The bears we see in fiction or lazing about in the wild tend to look cumbersome and slow, as most anything weighing nearly a half-ton would. But in a land race, even Olympic champions would be on the losing end. Grizzlies can reportedly run 35 mph, and sustain speeds of up to 28 mph for two miles, faster than Usain Bolt’s 27.78 miles per hour stride (which he can only sustain for a few seconds).


A grizzly bear is shown swimming at a pool in an Illinois zoo
Scott Olson, Getty Images

In parts of Alaska and Canada where grizzlies and polar bears converge, there are sometimes rare sightings of what observers call “grolar bears” or “pizzlies.” With large heads and light-colored fur, they’re a hybrid superbear birthed from some interspecies mating. Typically, it’s male grizzlies who roam into those territories, finding female polar bears to cozy up with. Researchers believe climate change is one reason the two are getting together.


When it comes to intellect, grizzlies may not get all the same publicity that birds and whales do, but they’re still pretty clever. The bears can remember hotspots for food even if it’s been 10 years since they last visited the area; some have been observed covering tracks or obscuring themselves with rocks and trees to avoid detection by hunters.
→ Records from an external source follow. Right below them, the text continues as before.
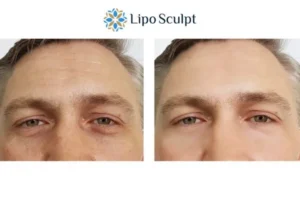 Explaining Total Skin Tightening Treatment And What It Can Do For You 6 Morpheus8 Southampton book in today to find out more!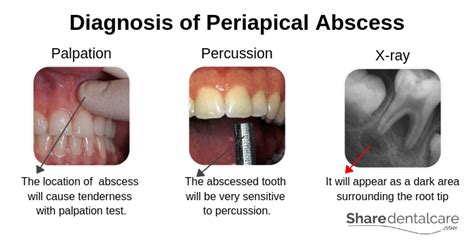 Periapical Abscess: Symptoms, Causes, & Treatment - Share Dental Care ...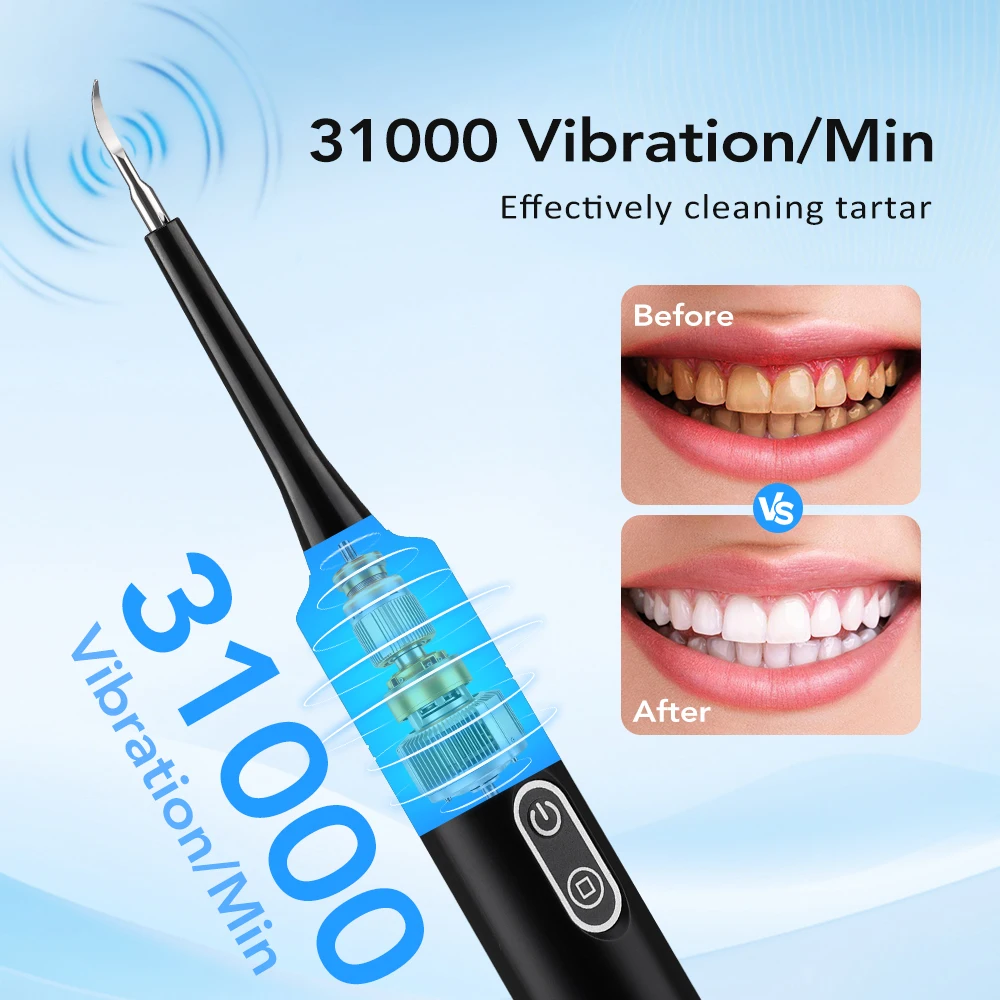 전동 음파 진동 치석 제거기 치아 미백 플라그 제거 치 - Electric Toothbrush Sonic 리뷰 및 가격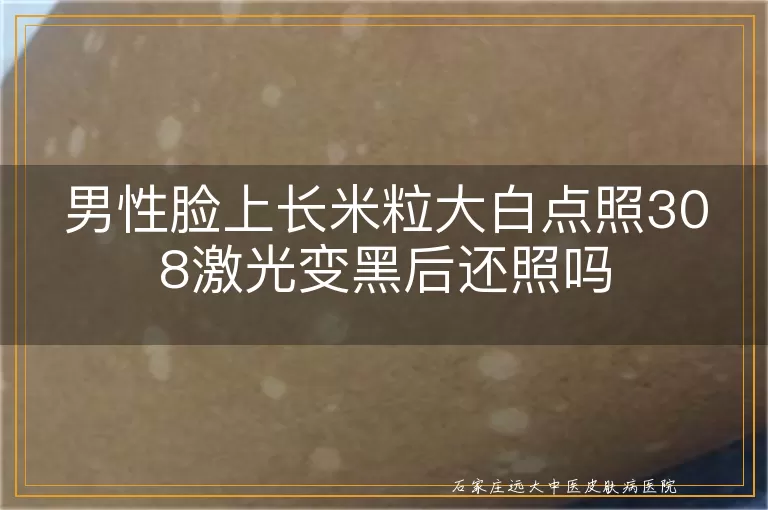 男性脸上长米粒大白点照308激光变黑后还照吗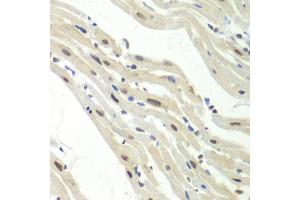 Immunohistochemistry of paraffin-embedded mouse heart using UPF1/RENT1 antibody  at dilution of 1:100 (40x lens). (RENT1/UPF1 anticorps  (AA 270-370))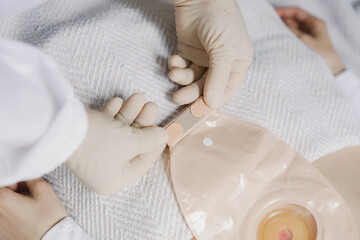 An adult nurse changes a patient's colostomy bag.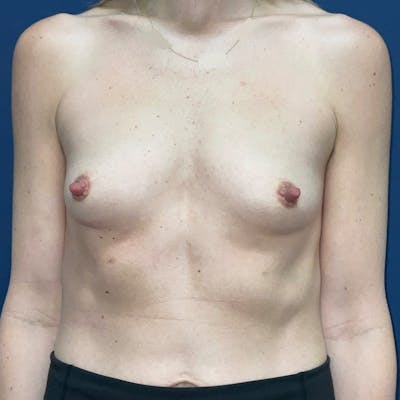 Breast Augmentation by Dr. Haydon Before & After Gallery - Patient 987721 - Image 1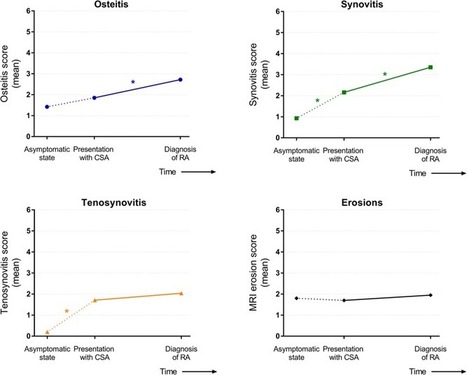 Sequence of joint tissue inflammation during rheumatoid arthritis development | Arthritis Research & Therapy | Full Text | Rheumatology-Rhumatologie | Scoop.it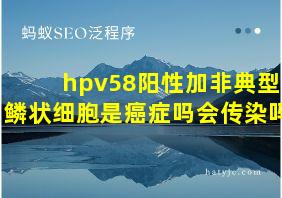 hpv58阳性加非典型鳞状细胞是癌症吗会传染吗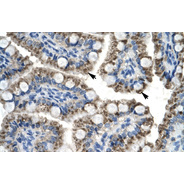 Rabbit anti-C20ORF100 polyclonal antibody - N-terminal region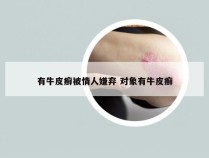 有牛皮癣被情人嫌弃 对象有牛皮癣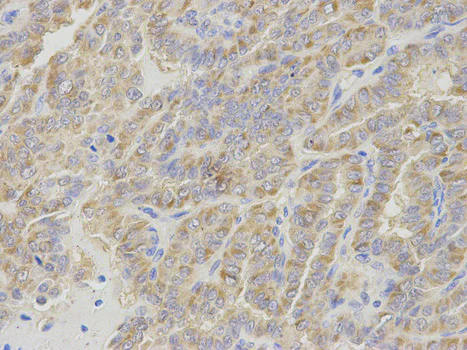 Immunohistochemistry (Formalin/PFA-fixed paraffin-embedded sections) - Anti-IPO5 antibody (AB187175)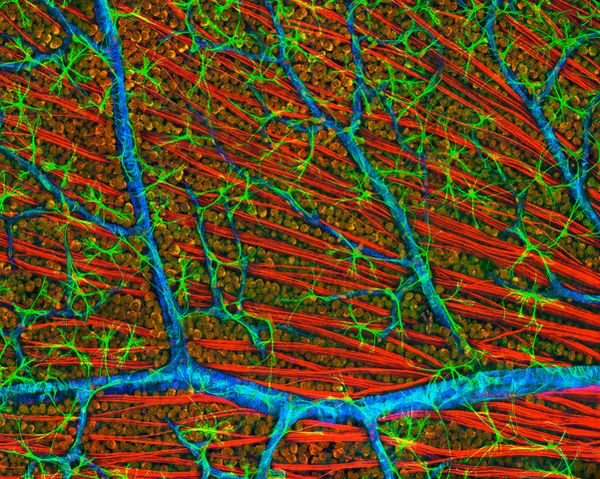 Волокна зрительного нерва (красные), отходящие от сетчатки. Синим окрашен кровеносный сосуд, зелёным — клетки глии, оранжевым — ганглионарные нейроны сетчатки. 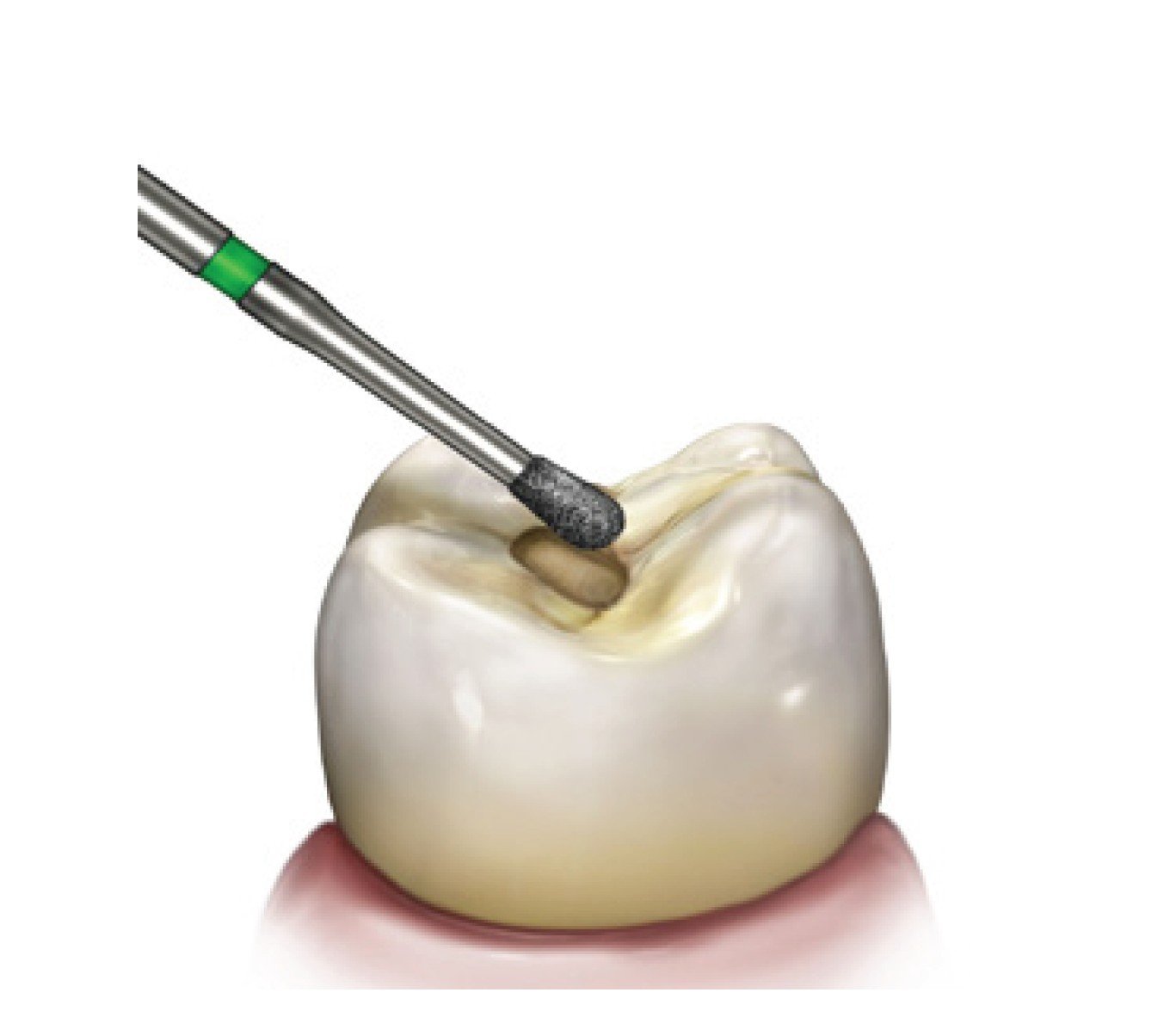 Fresa de Pera de Diamante Alta Velocidad 830-010M-D29 - Imagen 3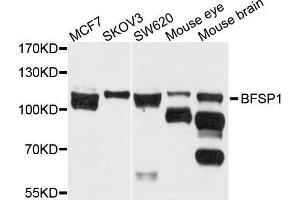 Western blot analysis of extracts of various cell lines, using BFSP1 antibody (ABIN5971950) at 1/1000 dilution.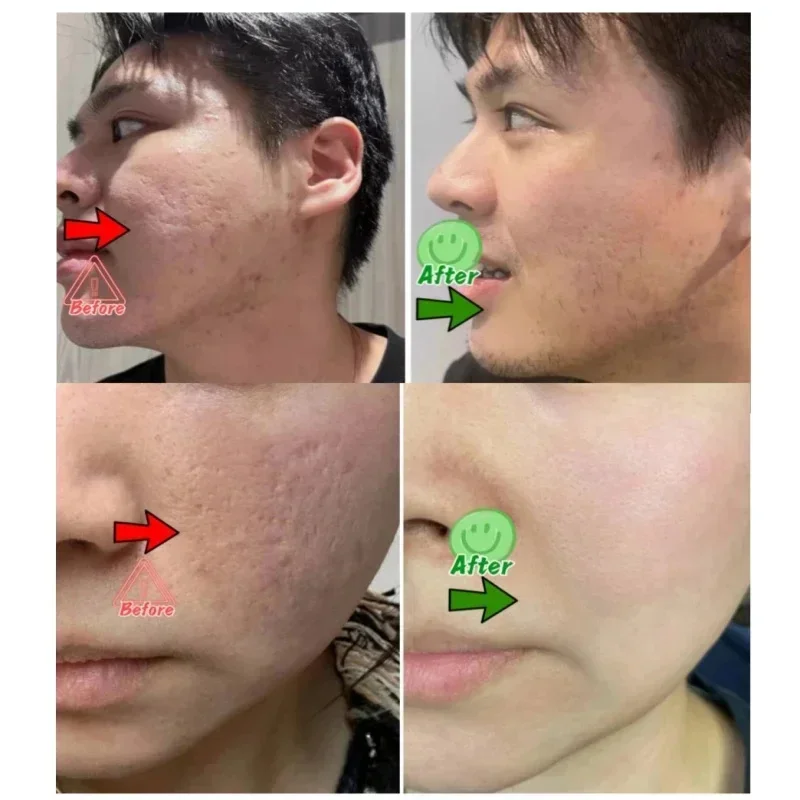 Crema limpiadora de poros de á - Azelaic Acid Cream reseña y precio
A grizzly bear and her cub walk in Yellowstone National Park
Karen Bleier, AFP/Getty Images

For 42 years, grizzlies at Yellowstone occupied the endangered species list. That ended in 2017, when the U.S. Fish and Wildlife Service declared that a rise in numbers—from 150 in the 1970s to more than 700 today—meant that conservation efforts had been successful. But overall, the grizzly population is still struggling: Fewer than 2000 remain in the lower 48 states, down from 50,000 two centuries ago.